Parlamentares petistas ouvidos pelo Valor mostraram insatisfação com a pouca atenção do Planalto com o tema, apontado como uma das prioridades de Dilma na campanha eleitoral de 2010.
O deputado Dionilso Marcon (PT-RS), ligado ao Movimento dos Trabalhadores Rurais Sem Terra (MST), afirmou que alguns petistas 'deixaram o latifúndio entrar na cabeça'. O partido, historicamente ligado ao movimento social e agrário, deixou de discutir a reforma agrária, segundo ele. 'O PT e o governo federal estão longe da reforma agrária e o inimigo da reforma está dentro do Palácio do Planalto', declarou Marcon.
O deputado cobrou uma postura mais firme da presidente sobre o tema. 'Tem que desapropriar terra e investir nos assentamentos em três pontos: infraestrutura, assistência técnica e incentivo à produção'.
Marcon disse que o Executivo está optando por isolar os movimentos sociais, o que é ruim para o próprio governo e pode gerar reações maiores do que a manifestação vista nesta quarta-feira. 'Ou o governo começa a dizer para que veio ou as lutas vão aumentar', prometeu Marcon.
A Manifestação dos Povos do Campo, das Águas e das Florestas, que reuniu 37 entidades, como o MST e a Via Campesina, e cerca de 7 mil pessoas elevou o tom de insatisfação contra o governo Dilma.
O deputado Assis do Couto (PT-PR) classificou a situação atual como 'crítica'. E disse que 'falta criatividade' ao governo, que aparentemente 'cansou' aplicar o modelo de reforma agrária defendido há mais de 20 anos.
'O MDA [Ministério do Desenvolvimento Agrário] e o Incra [Instituto Nacional de Colonização e Reforma Agrária] não conseguiram acompanhar a evolução do campo', resumiu. 'Ficaram na defesa tradicional da reforma agrária e não têm conseguido fazer'. Couto disse que hoje o preço da terra está alto e a legislação dificulta as desapropriações.
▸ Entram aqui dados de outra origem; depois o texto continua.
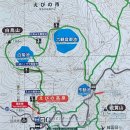 [가고시마] 에비노 고원 화구호 트레킹, 시라토리야마, 숙소 게스트하우스 코코 거라지 - 야쿠시마...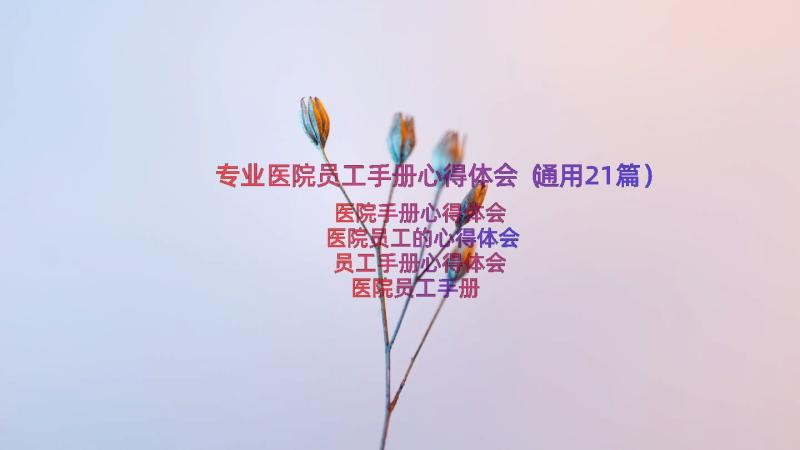 专业医院员工手册心得体会（通用21篇）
No entanto, o governo não tem pensado em outras alternativas, segundo ele.
O parlamentar criticou também o controle do MDA pela Democracia Socialista, corrente interna do PT que controla o ministério desde o início do governo Lula. Isso, para Couto, impediu a mudança na Pasta. 'Não conseguem avançar e chegou a um esgotamento', disse Assis do Couto.
O deputado apontou ainda a falta de pessoal no Incra para conduzir a reforma agrária e melhorar as condições para quem já é assentado. Outro desafio para o governo, segundo Couto, são os altos preços da terra.
O secretário Agrário Nacional do PT, deputado Elvino Bohn Gass (RS), reconheceu a legitimidade os movimentos ligados à terra e os problemas na aquisição de lotes por causa dos preços. 'O conservadorismo também impede a atualização dos índices de produtividade, o que inviabiliza a desapropriação da terra', disse. 'Isso cria problemas estruturais para fazer reforma agrária'. Ele, no entanto, destacou os esforços do Executivo em melhorar as condições das famílias já assentadas.
O líder do PT, deputado Jilmar Tatto (SP), no entanto, minimizou as queixas sobre o tema dentro do partido. 'Não é nada de anormal porque saíram os decretos para a reforma agrária [recentemente]. O PT é um caldeirão, cheio de gente que reclama. Essa é mais uma queixa. Não tem nada de excepcional', disse.
O governo publicou outra leva de decretos de desapropriações de terras para a reforma agrária. Foi a segunda desde o início da gestão Dilma Rousseff. A primeira ocorreu no fim de dezembro de 2011. O que os movimentos sociais e parte do PT consideram lentidão na reforma agrária é classificado como cautela do governo para evitar erros comuns no passado, como o assentamento de famílias em regiões longínquas e sem nenhuma infraestrutura.
As divergências sobre os rumos da reforma agrária já levaram Dilma a trocar seu ministro do Desenvolvimento Agrário. Saiu o deputado baiano Afonso Florence e entrou o deputado gaúcho Pepe Vargas, ambos da corrente petista Democracia Socialista. Também houve troca de comando no Incra, onde Carlos Guedes substituiu Celso Lacerda. Mas a insatisfação, como se viu na quarta-feira, continua.